Un allarmante articolo sullo stato del giornalismo musicale è apparso recentemente a firma di Ted Gioia, un musicista e scrittore statunitense autore di numerosi saggi, fra i quali Musica, una storia sovversiva. Oltre che curatore di un giornale online intitolato The honest broker.
Fioccano infatti i licenziamenti in questo ambito, non solo fra i critici e recensori, ma anche sulle piattaforme di streaming come Soundcloud, Spotify, Tidal, Amazon Music, Universal music e molti altri.
Intanto la notizia che Pitchfork (rivista faro della musica indipendente) sarà inglobata dentro il mensile GQ, ha lasciato attoniti moltissimi appassionati in tutto il mondo.
Se la crisi del settore è probabilmente sorta con l’aumento del cosiddetto ascolto passivo, è certo che di critici musicali c’era più bisogno quando i dischi si compravano ancora, quando prima di spendere si leggevano le recensioni per conoscere l’opinione di chi ne sa più di noi.
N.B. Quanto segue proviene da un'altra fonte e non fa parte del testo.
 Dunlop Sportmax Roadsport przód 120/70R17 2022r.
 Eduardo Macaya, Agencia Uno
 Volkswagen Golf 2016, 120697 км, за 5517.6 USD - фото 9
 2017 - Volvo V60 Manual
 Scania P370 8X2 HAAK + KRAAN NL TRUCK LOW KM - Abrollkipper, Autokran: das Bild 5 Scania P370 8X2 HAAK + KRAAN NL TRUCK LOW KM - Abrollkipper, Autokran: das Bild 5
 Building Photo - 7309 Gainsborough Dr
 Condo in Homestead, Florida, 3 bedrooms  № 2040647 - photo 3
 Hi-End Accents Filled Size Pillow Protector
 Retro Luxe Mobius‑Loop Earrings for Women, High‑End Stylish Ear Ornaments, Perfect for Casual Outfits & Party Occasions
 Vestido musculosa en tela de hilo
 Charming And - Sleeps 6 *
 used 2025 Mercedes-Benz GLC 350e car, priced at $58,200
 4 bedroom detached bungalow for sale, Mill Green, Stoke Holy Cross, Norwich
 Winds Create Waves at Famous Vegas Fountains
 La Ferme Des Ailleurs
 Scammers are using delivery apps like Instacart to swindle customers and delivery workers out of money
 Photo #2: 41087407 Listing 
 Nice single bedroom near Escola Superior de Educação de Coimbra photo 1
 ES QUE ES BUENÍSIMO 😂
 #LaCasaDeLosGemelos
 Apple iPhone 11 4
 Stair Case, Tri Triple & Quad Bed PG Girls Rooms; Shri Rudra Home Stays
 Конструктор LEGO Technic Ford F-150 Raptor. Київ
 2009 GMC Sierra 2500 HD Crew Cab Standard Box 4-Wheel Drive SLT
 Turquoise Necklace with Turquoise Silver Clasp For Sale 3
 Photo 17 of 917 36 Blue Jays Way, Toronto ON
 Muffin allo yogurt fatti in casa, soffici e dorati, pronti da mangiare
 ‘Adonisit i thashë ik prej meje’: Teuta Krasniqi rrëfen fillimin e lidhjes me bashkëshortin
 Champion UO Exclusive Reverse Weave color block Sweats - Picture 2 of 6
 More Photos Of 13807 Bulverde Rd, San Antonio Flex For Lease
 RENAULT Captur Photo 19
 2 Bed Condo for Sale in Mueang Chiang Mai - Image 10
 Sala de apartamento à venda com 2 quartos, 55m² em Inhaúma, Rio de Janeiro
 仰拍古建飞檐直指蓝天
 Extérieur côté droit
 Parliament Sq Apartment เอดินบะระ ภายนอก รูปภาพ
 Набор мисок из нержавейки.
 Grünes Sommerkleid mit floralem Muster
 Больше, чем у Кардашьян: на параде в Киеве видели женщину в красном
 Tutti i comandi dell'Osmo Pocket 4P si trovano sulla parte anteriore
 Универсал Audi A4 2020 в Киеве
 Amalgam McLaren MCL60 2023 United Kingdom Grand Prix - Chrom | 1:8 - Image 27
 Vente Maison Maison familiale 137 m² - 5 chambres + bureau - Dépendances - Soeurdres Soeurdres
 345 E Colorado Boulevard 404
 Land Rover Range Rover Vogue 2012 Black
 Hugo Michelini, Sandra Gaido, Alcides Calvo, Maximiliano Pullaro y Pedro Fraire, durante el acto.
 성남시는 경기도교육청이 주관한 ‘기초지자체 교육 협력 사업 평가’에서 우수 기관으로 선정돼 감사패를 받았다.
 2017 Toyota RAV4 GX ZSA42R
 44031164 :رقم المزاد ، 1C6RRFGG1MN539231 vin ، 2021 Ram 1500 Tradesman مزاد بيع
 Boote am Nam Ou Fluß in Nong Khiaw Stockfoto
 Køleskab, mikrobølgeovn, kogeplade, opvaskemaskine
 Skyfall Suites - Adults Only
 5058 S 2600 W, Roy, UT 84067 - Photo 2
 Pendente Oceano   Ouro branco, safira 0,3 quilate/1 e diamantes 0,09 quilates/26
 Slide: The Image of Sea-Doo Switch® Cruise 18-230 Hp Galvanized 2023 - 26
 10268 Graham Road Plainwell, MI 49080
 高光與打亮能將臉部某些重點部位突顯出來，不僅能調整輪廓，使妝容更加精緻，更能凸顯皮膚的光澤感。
Affidarsi alla musica di qualità e non a chi ne ha fatto un mero business sarebbe la possibile soluzione?
Quale il confronto con il giornalismo musicale rivolto a musica classica e jazz?
Patricia Barbetti e Giovanni Conti ne parlano con Luca Conti, giornalista direttore della rivista italiana Musica Jazz e con Marta Tripodi, giornalista musicale esperta di cultura rap e hip hop.